A qui les donner, les prescrire ? En priorité aux patients et usagers bien sûr, en s’assurant de leur compréhension des modalités d’administration. A cet égard, des vidéos de démonstration sont parfois plus parlantes que des grands discours. La remise d’un kit doit s’accompagner de messages basiques de
RdR. Le premier est de ne jamais consommer seul.
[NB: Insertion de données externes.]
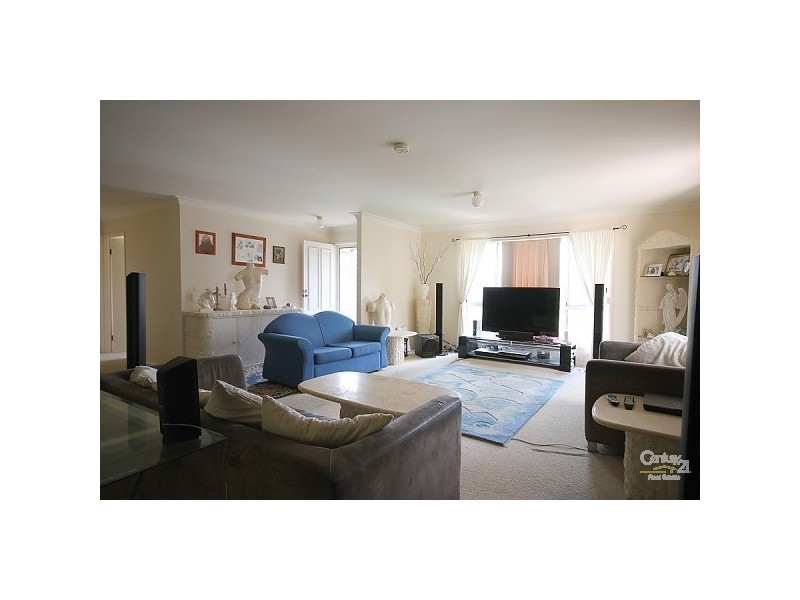 12 Jane Lane, Oxenford QLD 4210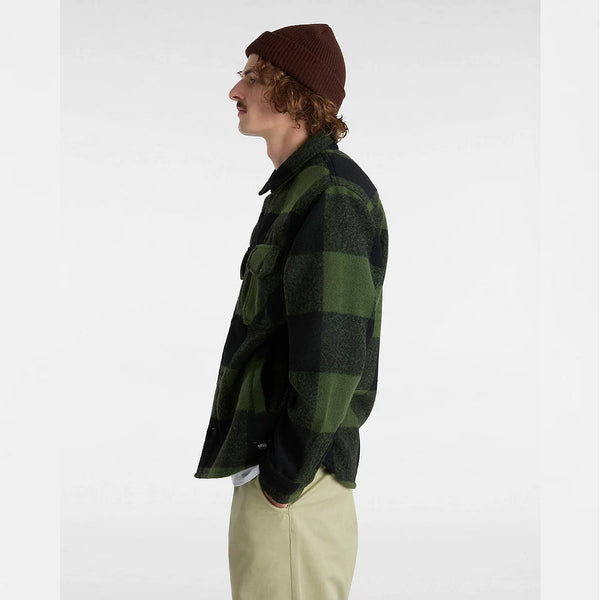 VANS Vans - shacket denby fuzzy black loden green vn000jve black/l | Italystation.com Shop Now at italystation.com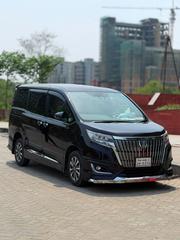 Toyota Esquire 1.8 FWD Hybrid (7 Seater) 2020 Maroon for sale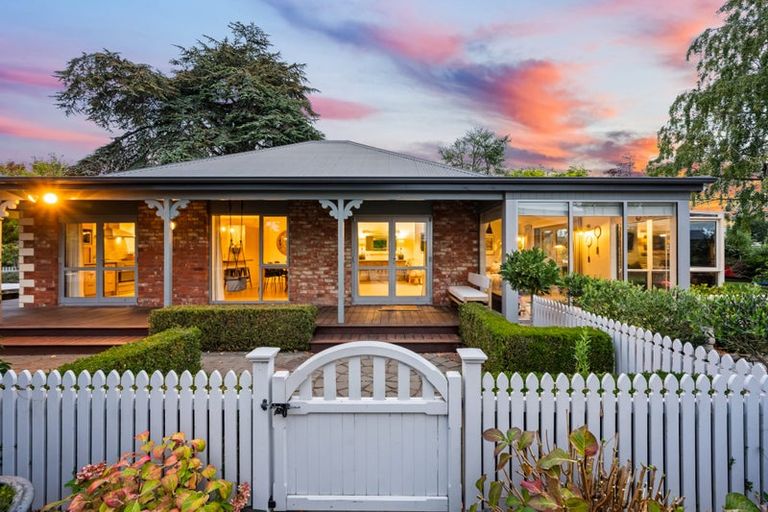 Photo of property in 147a Main North Road, Papanui, Christchurch, 8052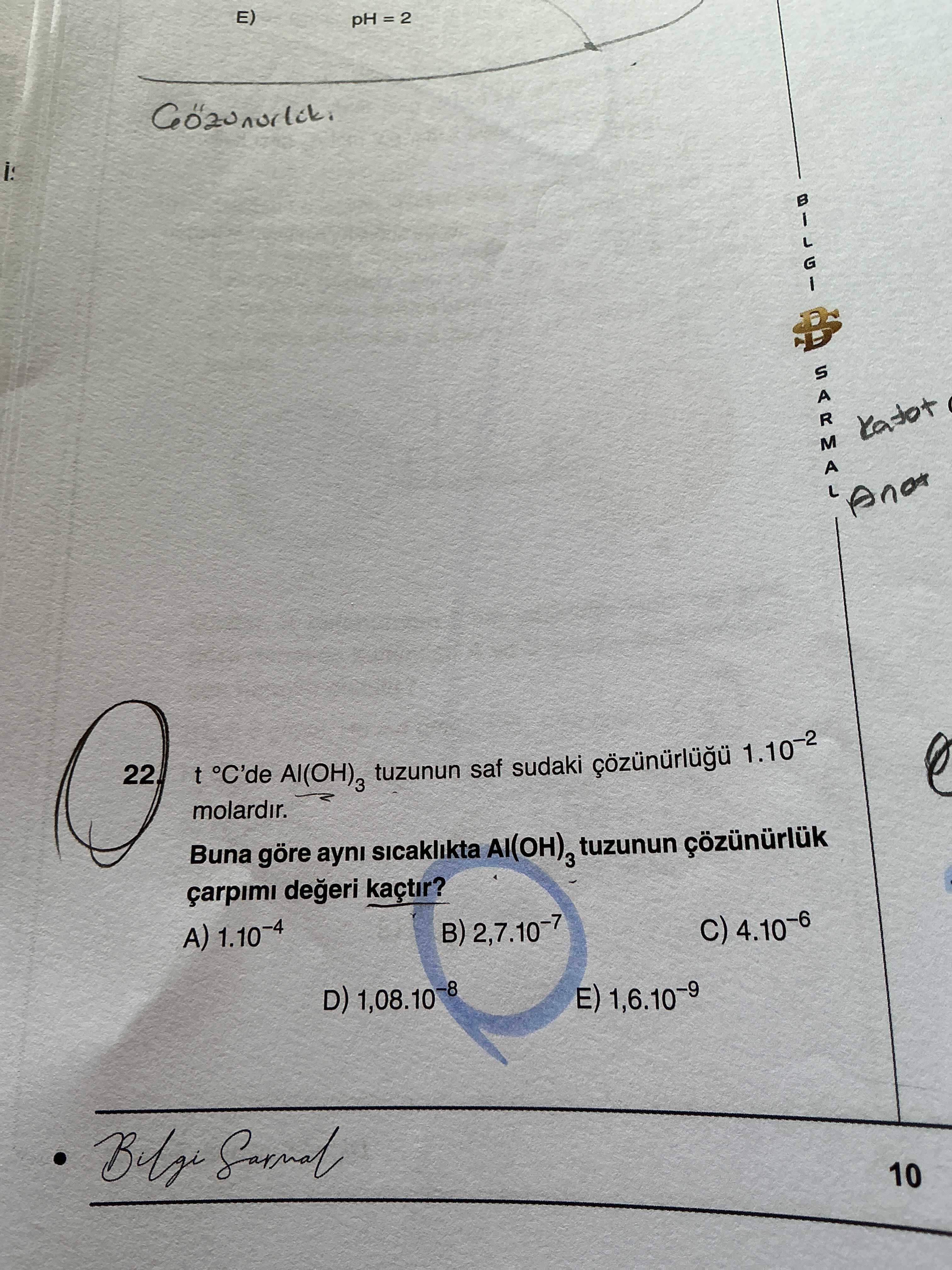 t °C'de Al(OH)₃ tuzunun saf sudaki çözünürlüğü 1.10⁻² molardır. Buna göre aynı sıcaklıkta Al(OH)₃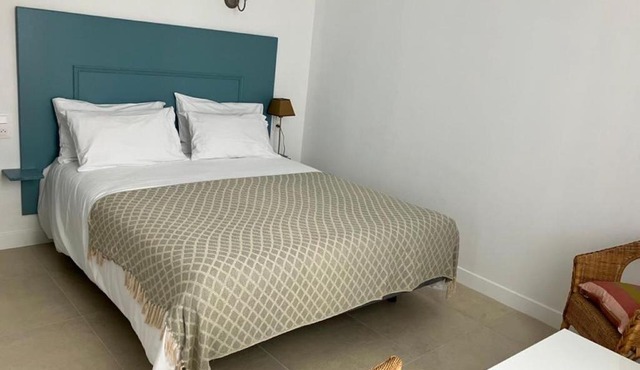 Appartement calme centre ville à 80m des Halles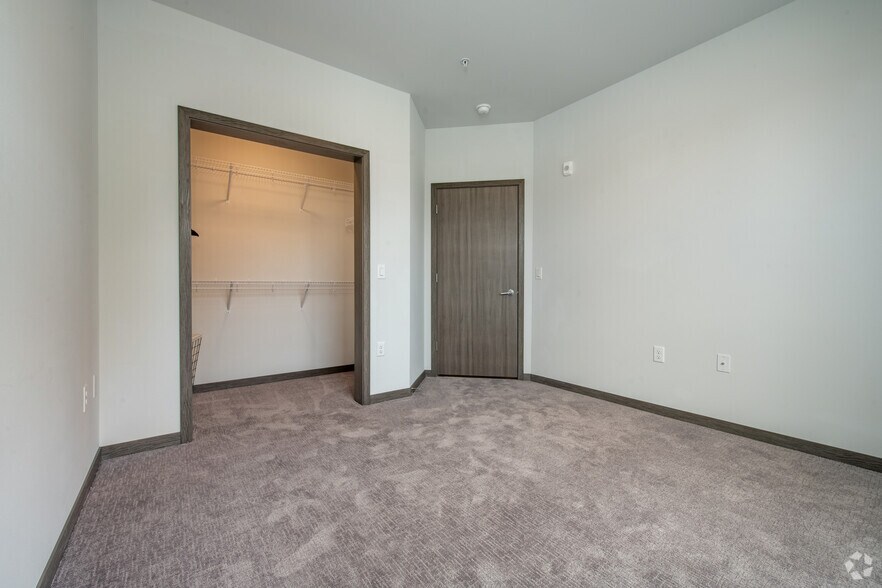 More Photos Of 410 W Verona Ave, Verona Apartments For Lease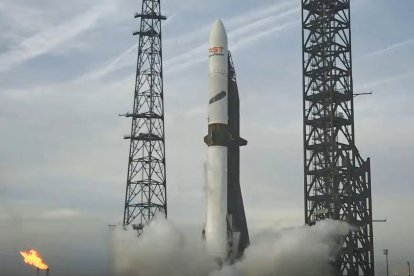 Despegue del cohete New Glenn de Blue Origin en Florida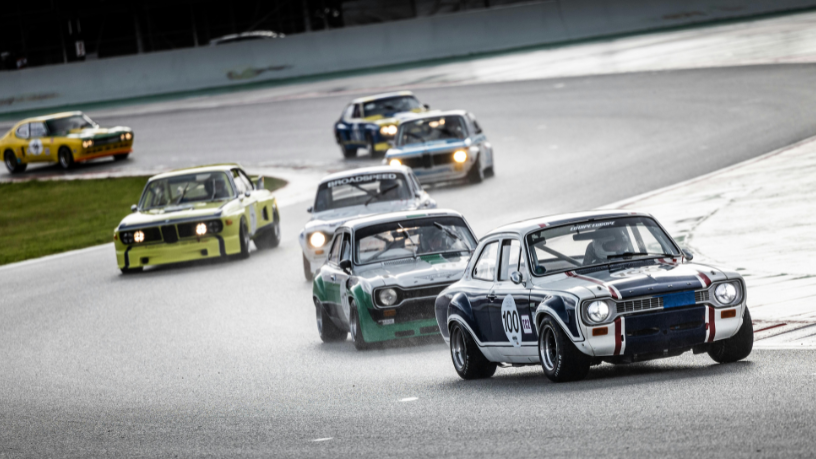 Felipe Schroeder dos Anjos destaca como as trilhas de carros podem unir aventura, paixão automotiva e respeito ao meio ambiente.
Les autres sont largement déclinés dans les brochures accompagnant les kits ou celles des associations comme ASUD.
http://www.asud.org/2017/07/02/nouvelle … isponible/Mais il est indispensable que ceux qui bénéficient de la délivrance d’un kit
naloxone informent leur entourage et leurs proches qu’ils ont un kit et leur proposent également de visionner les vidéos de démonstration. C’est toujours un tiers qui administre la
naloxone. Encore faut-il qu’il soit informé de la présence d’un kit et de ses modalités d’administration !
A l’entourage de patients/usagers à risque ou à ceux qu’on peut identifier comme partageant des consommations d’opioïdes en groupe. La réduction du nombre d’overdoses passe par la diffusion des kits auprès d’usagers ‘seniors’ ou ‘relais’, pouvant intervenir auprès de leurs pairs.
L’entourage de patients en HAD devrait aussi bénéficier de la délivrance d’un kit pour pouvoir intervenir auprès de patients sous
opioïdes antalgiques et à risque d’overdose.
Qui doit prescrire ou délivrer ?Tous les médecins évoqués dans les situations précédemment citées.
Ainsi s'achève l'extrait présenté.